Ham had been hoping to attract the star of TV’s “Bill Nye The Science Guy” to the northern Kentucky museum after Nye said in an online video last year that teaching creationism was bad for children. The video was viewed nearly 6 million times on YouTube.
“Having the opportunity to hold a cordial but spirited debate with such a well-known personality who is admired by so many young people will help bring the creation-evolution issue to the attention of many more people, including youngsters,” Ham said in a release Thursday.
The Creation Museum has been lauded by supporters and prodded by scientists for exhibits that assert the Earth was created in a few days about 6,000 years ago. It also has displays with dinosaurs and humans living alongside each other, in contradiction to scientific findings that the two species were separated by more than 60 million years.
Nye said in an Associated Press interview in September that steering children away from evolution and teaching creationism would hurt scientific advances. Science has demonstrated that the Earth is billions of years old, and “if that conflicts with your beliefs, I strongly feel you should question your beliefs,” he told the AP.
Nye, who is executive director of the Planetary Society, said in that interview that he would be willing to travel to Kentucky and debate Ham if the museum paid his travel expenses.
An email message sent to Nye’s assistant was not returned Thursday.
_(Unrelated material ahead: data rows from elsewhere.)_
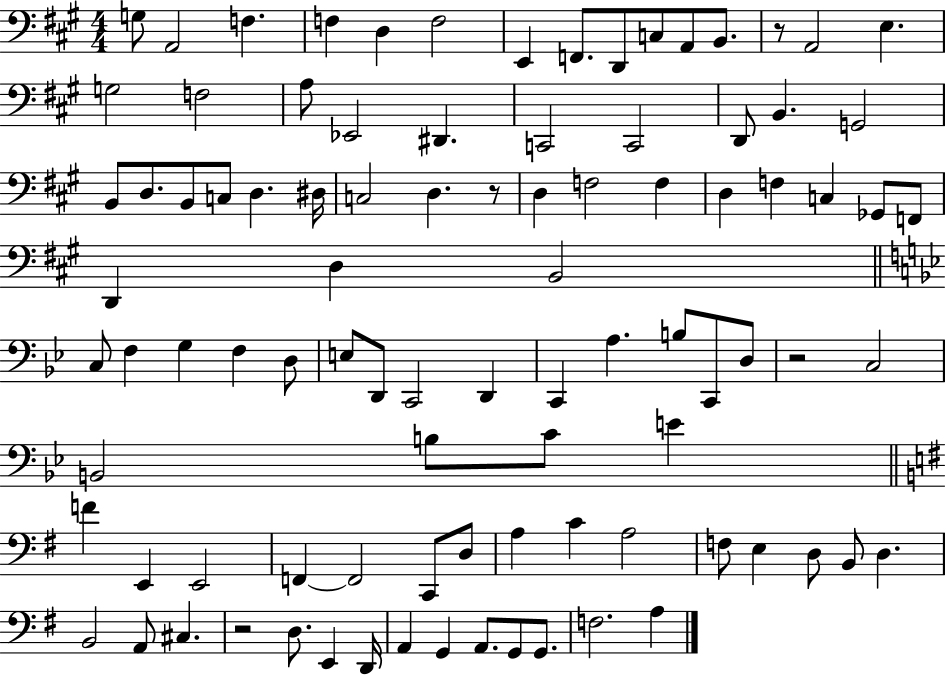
X:1
T:Untitled
M:4/4
L:1/4
K:A
G,/2 A,,2 F, F, D, F,2 E,, F,,/2 D,,/2 C,/2 A,,/2 B,,/2 z/2 A,,2 E, G,2 F,2 A,/2 _E,,2 ^D,, C,,2 C,,2 D,,/2 B,, G,,2 B,,/2 D,/2 B,,/2 C,/2 D, ^D,/4 C,2 D, z/2 D, F,2 F, D, F, C, _G,,/2 F,,/2 D,, D, B,,2 C,/2 F, G, F, D,/2 E,/2 D,,/2 C,,2 D,, C,, A, B,/2 C,,/2 D,/2 z2 C,2 B,,2 B,/2 C/2 E F E,, E,,2 F,, F,,2 C,,/2 D,/2 A, C A,2 F,/2 E, D,/2 B,,/2 D, B,,2 A,,/2 ^C, z2 D,/2 E,, D,,/4 A,, G,, A,,/2 G,,/2 G,,/2 F,2 A,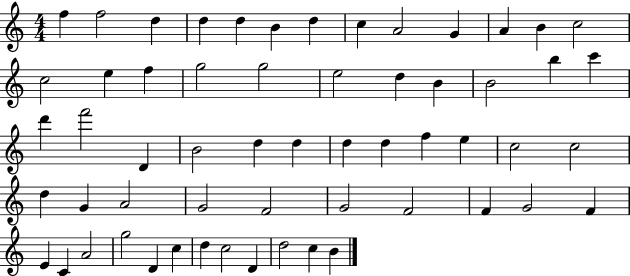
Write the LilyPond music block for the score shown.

{
  \clef treble
  \numericTimeSignature
  \time 4/4
  \key c \major
  f''4 f''2 d''4 | d''4 d''4 b'4 d''4 | c''4 a'2 g'4 | a'4 b'4 c''2 | \break c''2 e''4 f''4 | g''2 g''2 | e''2 d''4 b'4 | b'2 b''4 c'''4 | \break d'''4 f'''2 d'4 | b'2 d''4 d''4 | d''4 d''4 f''4 e''4 | c''2 c''2 | \break d''4 g'4 a'2 | g'2 f'2 | g'2 f'2 | f'4 g'2 f'4 | \break e'4 c'4 a'2 | g''2 d'4 c''4 | d''4 c''2 d'4 | d''2 c''4 b'4 | \break \bar "|."
}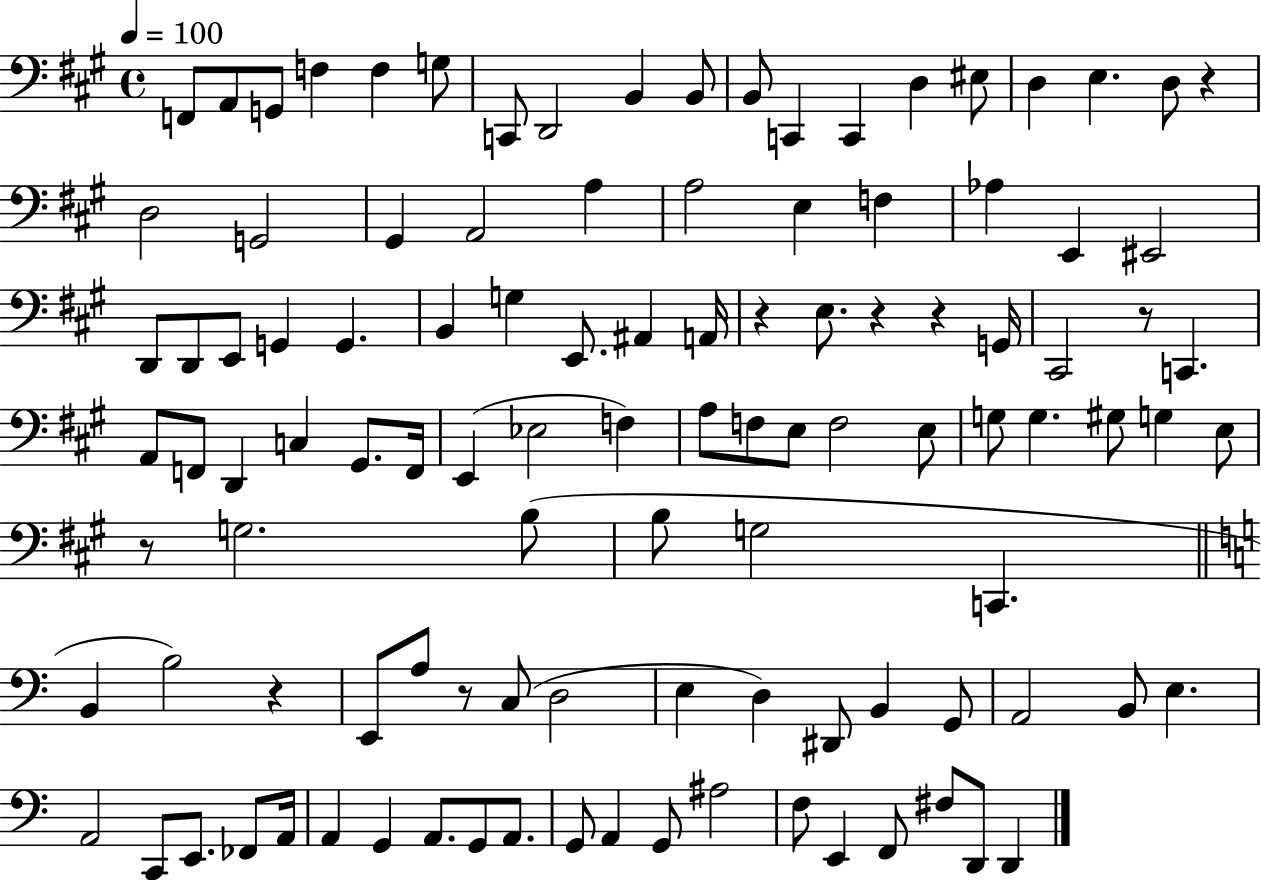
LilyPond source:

{
  \clef bass
  \time 4/4
  \defaultTimeSignature
  \key a \major
  \tempo 4 = 100
  f,8 a,8 g,8 f4 f4 g8 | c,8 d,2 b,4 b,8 | b,8 c,4 c,4 d4 eis8 | d4 e4. d8 r4 | \break d2 g,2 | gis,4 a,2 a4 | a2 e4 f4 | aes4 e,4 eis,2 | \break d,8 d,8 e,8 g,4 g,4. | b,4 g4 e,8. ais,4 a,16 | r4 e8. r4 r4 g,16 | cis,2 r8 c,4. | \break a,8 f,8 d,4 c4 gis,8. f,16 | e,4( ees2 f4) | a8 f8 e8 f2 e8 | g8 g4. gis8 g4 e8 | \break r8 g2. b8( | b8 g2 c,4. | \bar "||" \break \key a \minor b,4 b2) r4 | e,8 a8 r8 c8( d2 | e4 d4) dis,8 b,4 g,8 | a,2 b,8 e4. | \break a,2 c,8 e,8. fes,8 a,16 | a,4 g,4 a,8. g,8 a,8. | g,8 a,4 g,8 ais2 | f8 e,4 f,8 fis8 d,8 d,4 | \break \bar "|."
}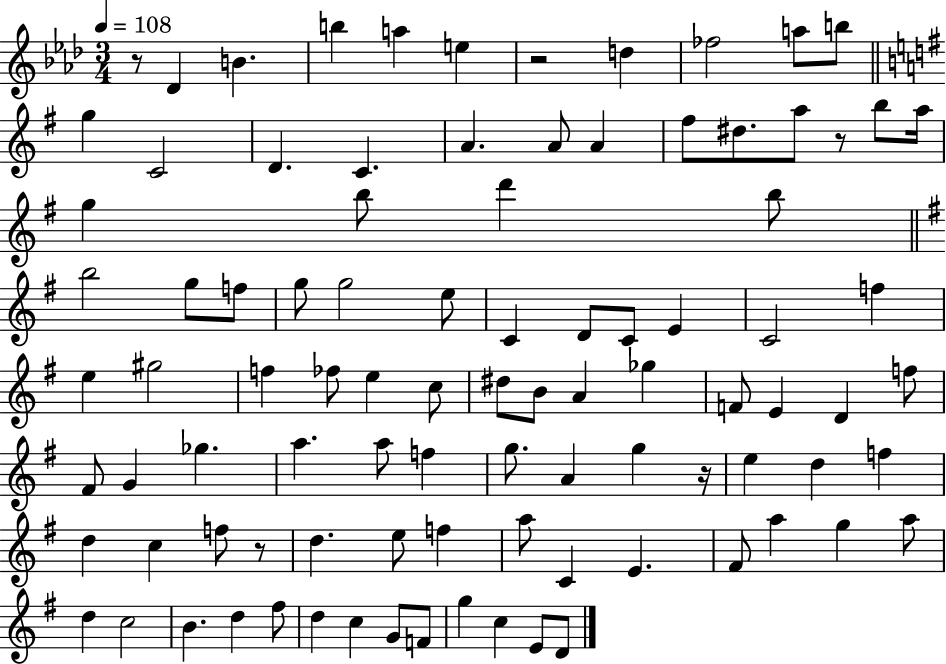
{
  \clef treble
  \numericTimeSignature
  \time 3/4
  \key aes \major
  \tempo 4 = 108
  r8 des'4 b'4. | b''4 a''4 e''4 | r2 d''4 | fes''2 a''8 b''8 | \break \bar "||" \break \key g \major g''4 c'2 | d'4. c'4. | a'4. a'8 a'4 | fis''8 dis''8. a''8 r8 b''8 a''16 | \break g''4 b''8 d'''4 b''8 | \bar "||" \break \key e \minor b''2 g''8 f''8 | g''8 g''2 e''8 | c'4 d'8 c'8 e'4 | c'2 f''4 | \break e''4 gis''2 | f''4 fes''8 e''4 c''8 | dis''8 b'8 a'4 ges''4 | f'8 e'4 d'4 f''8 | \break fis'8 g'4 ges''4. | a''4. a''8 f''4 | g''8. a'4 g''4 r16 | e''4 d''4 f''4 | \break d''4 c''4 f''8 r8 | d''4. e''8 f''4 | a''8 c'4 e'4. | fis'8 a''4 g''4 a''8 | \break d''4 c''2 | b'4. d''4 fis''8 | d''4 c''4 g'8 f'8 | g''4 c''4 e'8 d'8 | \break \bar "|."
}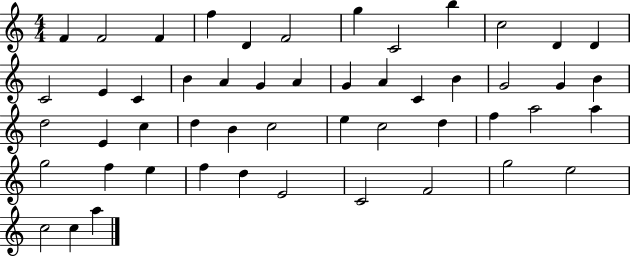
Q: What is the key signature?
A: C major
Nye agreed to participate in the debate early last month, said Mark Looy, vice president of outreach for Answers in Genesis, the ministry that operates the Creation Museum.
Ham said some “mocking, strident evolutionists” have invited him and other Creation Museum staff to debates in the past, but they have declined. Ham wanted to engage with Nye because, “as a serious advocate for his beliefs, Nye’s opinions carry weight in society,” Ham said in the release.
The event will be titled “Is Creation A Viable Model of Origins?” Tickets to the evening event at the museum’s Legacy Hall will be $25.